Why hasn't prevention of a nuclear-armed Iran become a priority of the highest order for the American Jewish community? Many national agencies have long urged more activism, but the intensity at the grass-roots level is missing.
One hears many reasons for the low-key response, including an overwhelming media focus on the domestic and global economic crisis. Iran does tend to be underplayed in the press. The story about a Chinese businessman being indicted for using New York banks to buy Iran materials to make nuclear weapons was buried deep inside The New York Times.
The Iraq "syndrome" has also had a chilling effect on any possible U.S. intervention in the Middle East.
Some in our community maintain that the Iranian threat just doesn't seem "real." After all, they say, "we have been hearing warnings for many years, and nothing has happened yet. Even if they get a weapon, they would never use it, fearing an Israeli nuclear reprisal."
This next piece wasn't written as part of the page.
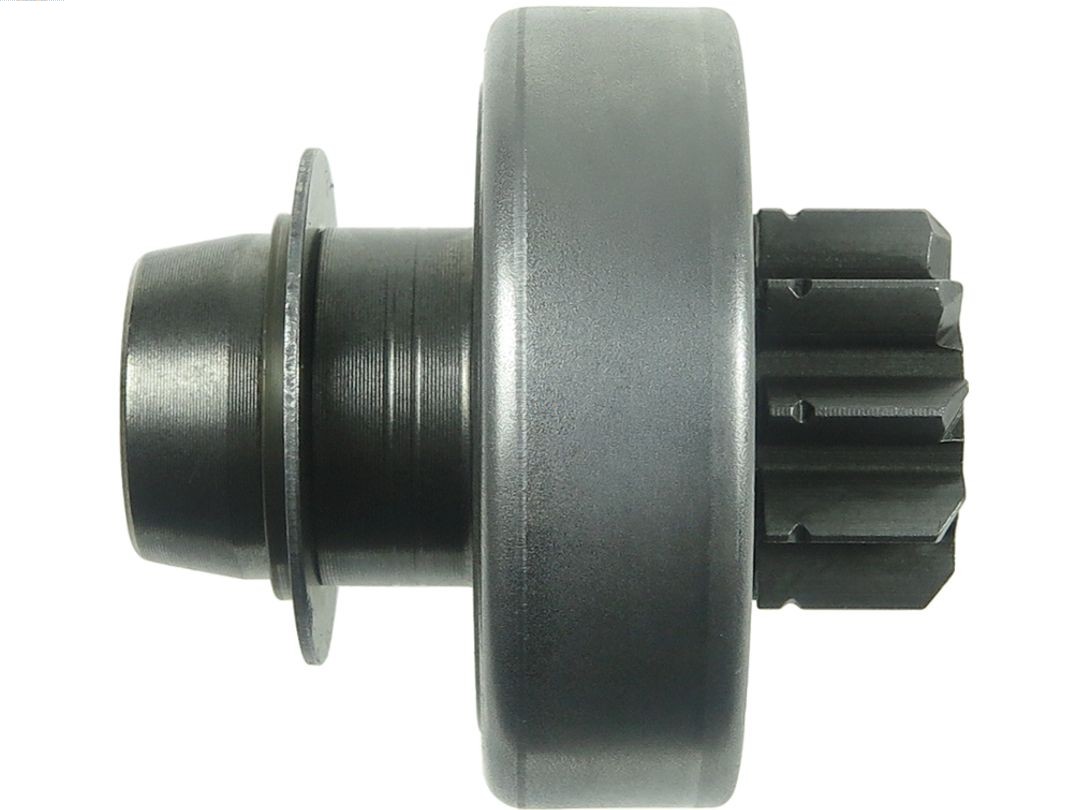 SD3012(VALEO)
Some things are so dreadful that we just don't want to think about them. In a short fiction piece in the November/December 2008 edition of Moment, titled "Three Dreams" by Andi Arnovit, the author describes in detail the consequences of Iranian nuclear-tipped rockets slamming into Tel Aviv, Haifa and Jerusalem:
"In Haifa, entire freighters were swallowed up in the fire in the water, incinerating and drowning at the same time. The light was so strong, so blinding, that millions of people died without knowing what it was … they disappeared, leaving thin, accurately drawn traces of their silhouettes on cement walls, floors, things that remained standing. Every single leaf on every single carefully tended and manicured branch on every single tree in the Bahai garden burned off in an instant."
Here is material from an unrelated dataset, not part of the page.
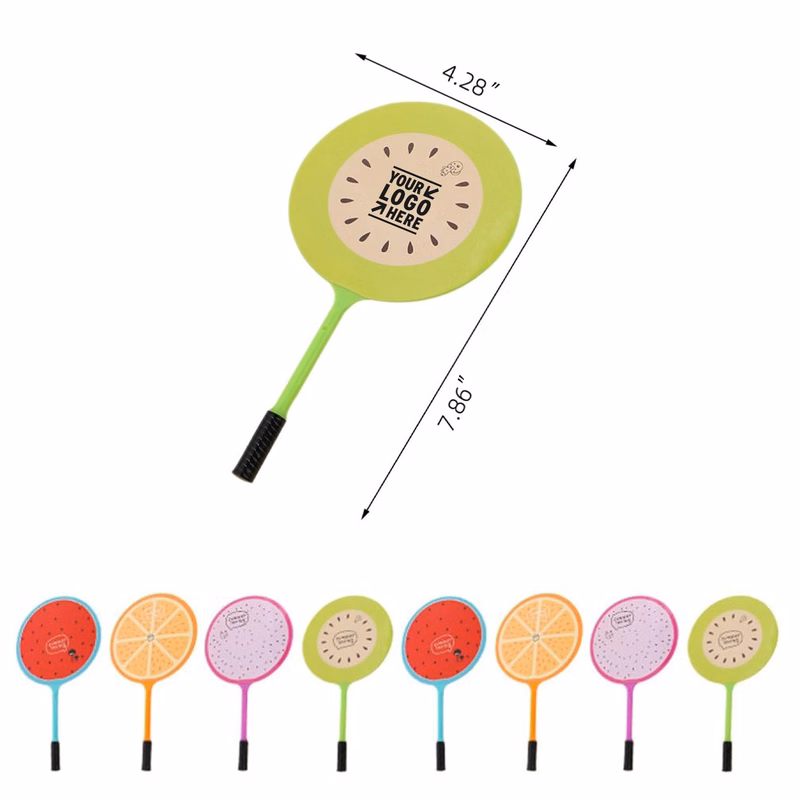 Cute Gel Ink Pen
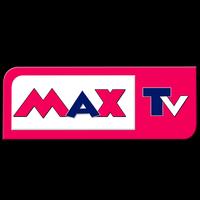 Maxtv 截圖 2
A pre-emptive Israeli military strike on Iran's nuclear facilities is also something uncomfortable to think about. But along comes a study by Abdullah Toukan and Anthony Cordesman at the Center for Strategic and International Studies exploring the feasibility of such a strike and the potential consequences.
One prediction in it: "Attacking the Bushehr Nuclear Reactor would release contamination in the form of radionuclides into the air; most definitely Bahrain, Qatar and the United Arab Emirates will be heavily affected; any strike on this reactor will cause the immediate death of thousands of people living in or adjacent to the site, and thousands of subsequent cancer deaths or even up to hundreds of thousands depending on the population density along the contamination plume."
Persuading the Tehran mullahs — who may not behave with the restraint shown by the Soviets during the Cold War — to step back from their current course will require a sustained international effort led by President Barack Obama. The president has asserted that Iran's acquisition of nuclear-weapons capability is "unacceptable." He is pursuing a diplomatic engagement strategy, unlike President George W. Bush, who chose to "quarantine" the Iranian leadership. Whether this approach will be successful remains to be seen. But one thing is clear: There is precious little time left before the threshold to such capability is crossed.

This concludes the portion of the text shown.